I understand that such a brilliant novel was difficult to translate to film. So many perspectives are included that, short of an endless voiceover, there is no way to expose every thought happening in a character’s head as the book does. However, the film approaches many pivotal scenes backwards. For example, Cecilia and Robbie’s sexual encounter in the library is shown first through Briony’s eyes, making the scene seem shocking and violent. In reality, it is the culmination of delicate and awkward interactions between the two. Although the film later shows us the scene through Cecilia’s eyes, the climax has already been given away, so we do not get to experience the lead-up to it. Without the emotional weight of the previous scenes, their culmination is much less impactful. Sequencing this event in reverse (with Cecilia’s perspective first and then Briony’s) would have allowed the viewer to experience its lead-up slowly and painfully, with the characters, which is what makes the novel so powerful. The story is much more poignant when the nuance is highlighted.
Nonetheless, it is often a beautiful film (which makes it that much more maddening that the emotional impact is lacking). The famous five-minute tracking shot following Robbie along Dunkirk Beach, for instance, is exceptional, as are the many nature shots that range from a close up on a tiny frog to wide landscape shots of grasses rustling in the wind. These shots place us squarely in an unmistakeable setting: Europe during World War 1. Such an approach allows viewers to feel fully immersed in the characters’ experience, whether that be whacking weeds with a stick on the Tallis property or striding across the sands of Dunkirk Beach.

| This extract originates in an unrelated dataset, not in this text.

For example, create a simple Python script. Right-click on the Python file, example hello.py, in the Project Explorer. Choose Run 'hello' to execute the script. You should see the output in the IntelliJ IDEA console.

One of the film’s greatest strengths is Ronan, who, at 13, is one of the youngest actresses ever nominated for an Oscar in a supporting role. Her clear-eyed, confident aura spearheads the first third of the film (after which she is replaced by actresses playing older versions of Briony) and provides the crucial basis for all following events. On the other hand, Knightley’s performance is unexceptional. She fills the role of Cecilia as she often does many of her other roles: with the same breathy voice and perplexed or piqued expression. Cecilia deserved to be played by an actress who could convey more inner turmoil. Finally, McAvoy played a decent Robbie, although not an outstanding one. He is a talented actor and exhibited all of the necessary emotions, but I found myself wishing for more depth.

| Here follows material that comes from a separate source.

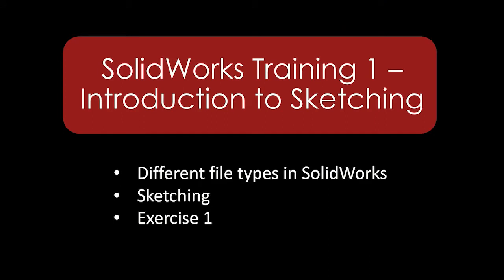Welcome to the first SOLIDWORKS training video. In this video, I will go over the different types of files used in SOLIDWORKS, I will go over what sketching is, and I will demonstrate a simple sketching exercise.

Despite its beautiful cinematography and generally successful acting, the film lacked the nuance that makes the book one of my favorites. I would have preferred to see more care taken to build the emotion throughout the film. Without it, the pivotal ending lacked its incredible punch, and not just because the ending was altered slightly to make it less poignant. The whole experience left me feeling unsatisfied, and rather than wanting to watch the film again, I felt the urge only to reread the novel.